Und dann…plötzlich kam eines Tages ihre Nachbarin angelaufen und teilte mir mit, dass ich schnell kommen sollte, es ging los. Ich nahm die Sachen und mein Fahrrad und raste so schnell wie möglich zu ihr. Mama Aloki direkt hinter mir. Als ich bei ihr ankam, war ich von oben bis unten nass mit Schweiß. Ich schob den dreckigen Vorhang auf die Seite und ging in das Zimmer der Lehmhütte. Dort saß Mama Bibi auf ihrem Lianenbett und weinte, neben ihr ein toter Babykörper – völlig deformiert. Es war ein grausamer Anblick. Wieder war sie allein bei der Geburt, doch dieses Mal überlebte das Baby nicht. Als dann endlich die Hebamme kam und sie untersuchte, stellte diese fest, dass das Baby schon seit ein oder zwei Tagen im Bauch der Mutter tot war und dass es ihr Glück war, dass es jetzt rauskam. Es war einfach nur traurig und als ich das so sah, dachte ich mir nur: „Wenn das die Menschen in Österreich sehen würden…die können sich so ein Leid nicht einmal im Traum vorstellen. Dann würden die Menschen in Österreich mal aufhören zu jammern wegen unbelanglichen Dingen.“

In Österreich geht es uns wirklich gut und nur zu wenige wissen dies zu schätzen, darüber denke ich so oft nach wenn ich in Tshumbe oder auch in Österreich bin. Welch ein Glück wir nur haben und die meisten sind trotzdem sehr unzufrieden. Wie kann das nur sein? Wie kann es sein, dass manche Menschen in Österreich denken, dass sich die Menschen in Tshumbe dieses Leid selbst zu zuschreiben haben? Ich kann so etwas einfach nicht fassen. Wenn man irgend so ein Leid mal mit den eigenen Augen gesehen hat, dabei war oder miterlebt hat, dann würde kein Mensch mehr jammern oder sagen, dass die „Afrikaner“ alle selbst schuld sind an ihrer Armut.

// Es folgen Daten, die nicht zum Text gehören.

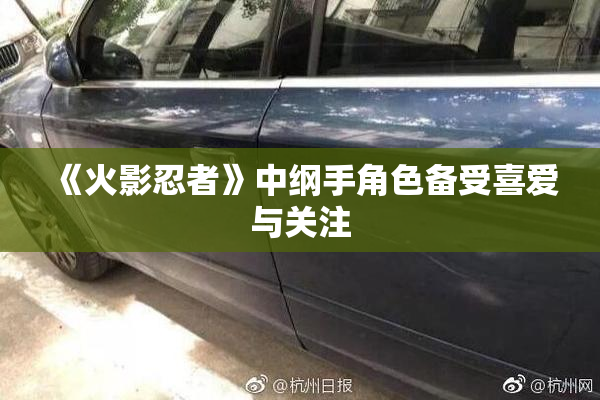 《火影忍者》中纲手角色备受喜爱与关注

Es gibt aber auch viele Menschen in Österreich, die uns unterstützen und versuchen die Situation in Tshumbe zu verstehen. Und ihnen danke ich von ganzem Herzen! Dass sie den Menschen in Tshumbe so viel Hoffnung und Hilfe schenken, dass sie an sie denken und sich um sie sorgen! Dafür DANKE; DANKE; DANKE! Das bedeutet mir sehr viel und für die Menschen in Tshumbe bedeutet es ÜBERLEBEN!